I just got in from shopping.
I need to lie down.
We have Spring Break coming up, so I wanted to get a few things. The first place I went was Academy. I am all over that place...like, I love everything in there. Leggings, hoodies, t-shirts, shorts...socks, shoes. I LOVE IT ALL. It's my happy place.
And then...it was time to head to the mall to look for a swimsuit. DAH, DAH. DAHHHHH.
And in a dressing room, with a hand-full of swimsuits to try on...THINGS. GET. REAL.
I can cover up a lot. Foundation, under-eye cream, concealer...even sunglasses...these are all my friends. I love me a cardigan or a little jacket. Long shorts, track-suits and leggings. Ahhh...

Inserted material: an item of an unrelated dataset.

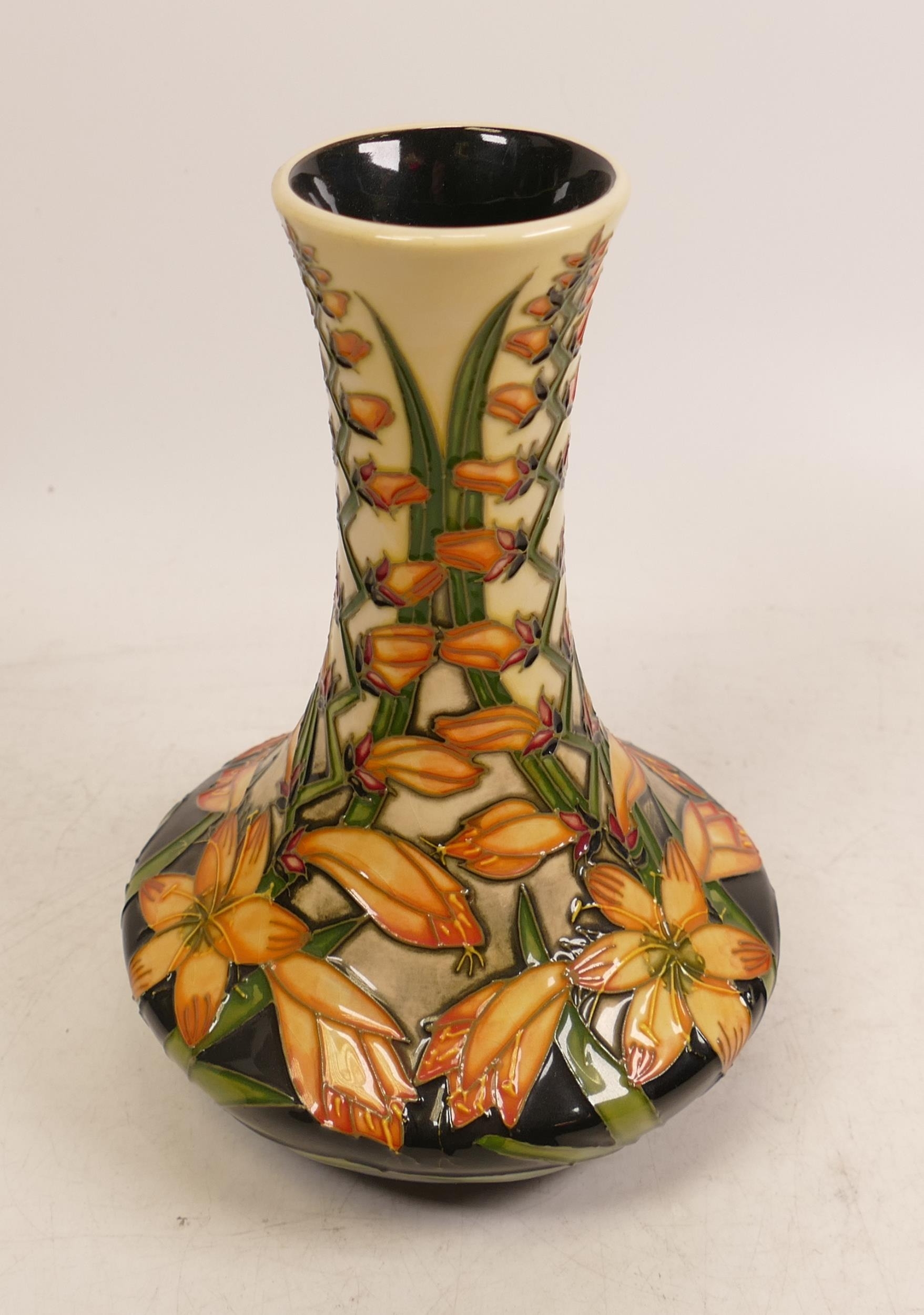 Moorcroft vase decorated with Orange flowers. M.C.C piece dated 2002 , limited edition 26/50. Signed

But stand half-nekked under the bright fluorescent lights of a department store dressing room and there's no hiding. And, I don't know about you, but I felt like I'd had a cardio work-out after I was done...pulling, reaching, shimmy-ing...is that even a word? I had about worked up a sweat! WHEW!
Side note: the other day when I was looking for shorts, I told Joshua, "I really like the longer shorts...for me." And he said, "I agree...I don't want to see that much of you."
*slow blink*
I try not to say anything about body issues in front of anyone. I am very thankful to be healthy. I really don't want to pass down any negative feelings about how I look down to my children...or my friends. Truth is, the shape I'm in has nothing to do with how God made me...and everything to do with eating habits, physical activity (or the lack thereof)...and birthing 4 children. Can I get an Amen on the last one?
And as much as I want to start running with my daughter, it's just a matter of time before my bladder falls smack out on the ground...and no one wants to see that. Am I right?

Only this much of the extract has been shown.